Meyer & Allen Associates

Commerce Civic Center Master Plans

Location:City of Commerce, CA
Size:17 acres; 148,000 sq. ft.

Civic facilities within a park, and park landscapes within civic buildings - these are the themes that guided the Master Planning for the City of Commerce’s Civic Center.  Set into the existing Rosewood Park, four new civic buildings were planned to replace the existing, outdated facilities and permanently change the concept of “Civic Center” in the City of Commerce.

All buildings are to be set within the park landscape.  Special gardens are planned within and around each building to extend each, visually and functionally, into the park.  Forms of sandstone, metal and concrete will identify each building as jewels in this park space: a round Council Chamber at City Hall; the pyramidal Children’s Room at the Library; and a glass Pavilion at the Senior Citizens Center.  Atrium spaces and glazed pavilions remove the visual separation between building and park.

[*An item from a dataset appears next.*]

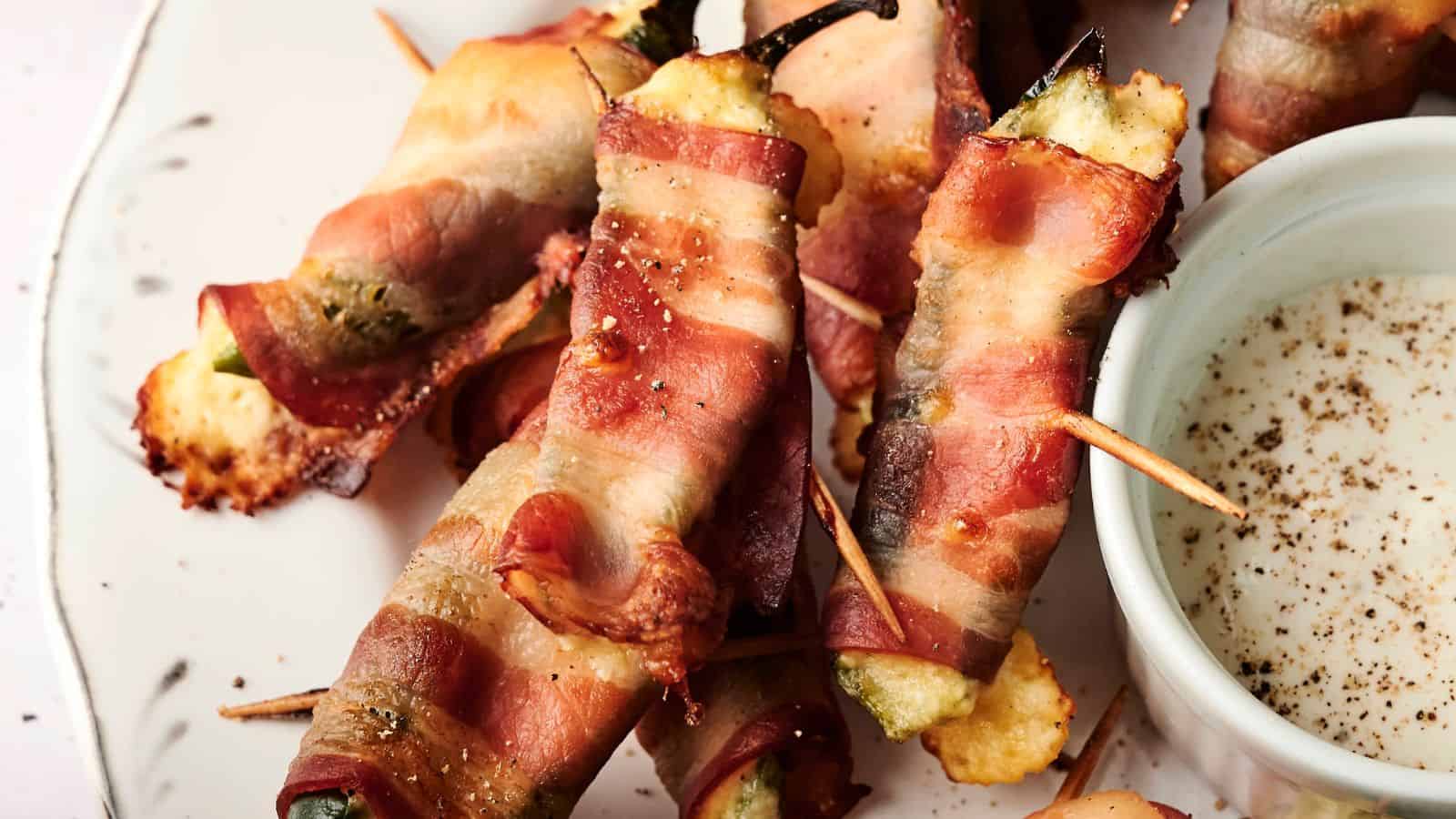 A plate of bacon-wrapped jalapeño poppers filled with cheese, secured with toothpicks, next to a small dish of dipping sauce.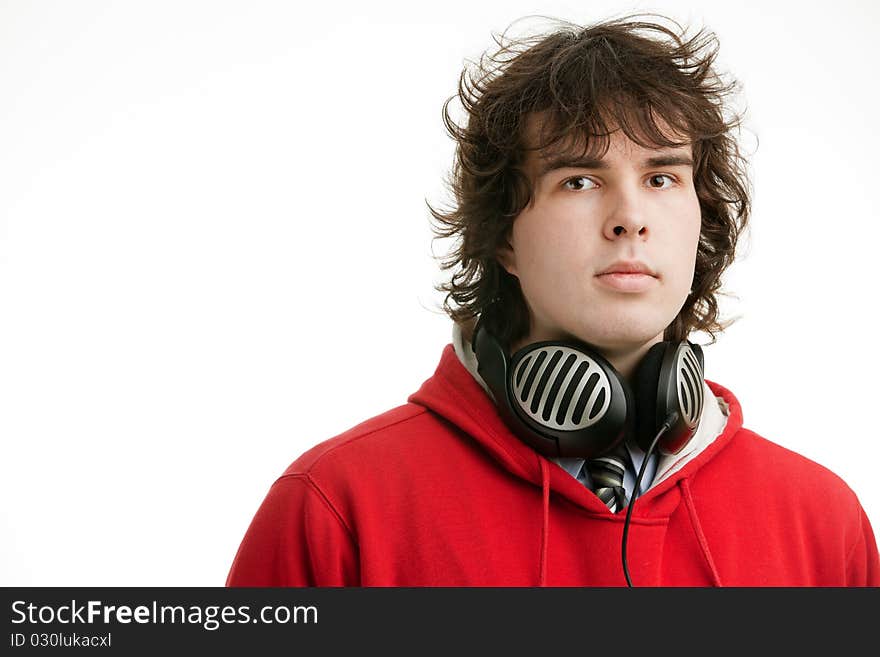 An image of a young man with big headphones. An image of a young man with big headphones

M&AA’s involvement with the Civic Center and Rosewood Park began when the firm was engaged to prepare a Master Plan for the entire 17-acre site, including the community park.  This initial planning process entailed:

  • Preparation of Building Programs for all future buildings;
  • A Program for all park facilities;
  • Analysis of existing building conditions, traffic, parking and opportunities/constraints for site development;
  • Preparation of Master Plan alternatives and associated implementation schedules and budgets for each alternative; and
  • Preparation of the final Master Plan, budget and implementation schedule with detailed guidelines for the urban design concept, site plan concept, all new facilities, parking facilities and the park and landscape.


M&AA’s consultant team included over 11 engineering and planning firms in a process that lasted approximately one and one-half years.  The final Master Plan resulted from a consensus building process which entailed ongoing meetings with: senior citizens; park users; pool users; Library, Recreation and Parks, and Planning Commissions; a City Staff Steering Committee; and the City Council.  Meetings were held with each of the community groups and major commissions at each stage of the process:  programming; opportunities and constraints; master plan alternatives; and final master plan.  The City Staff Steering Committee met monthly to review the progress of the work.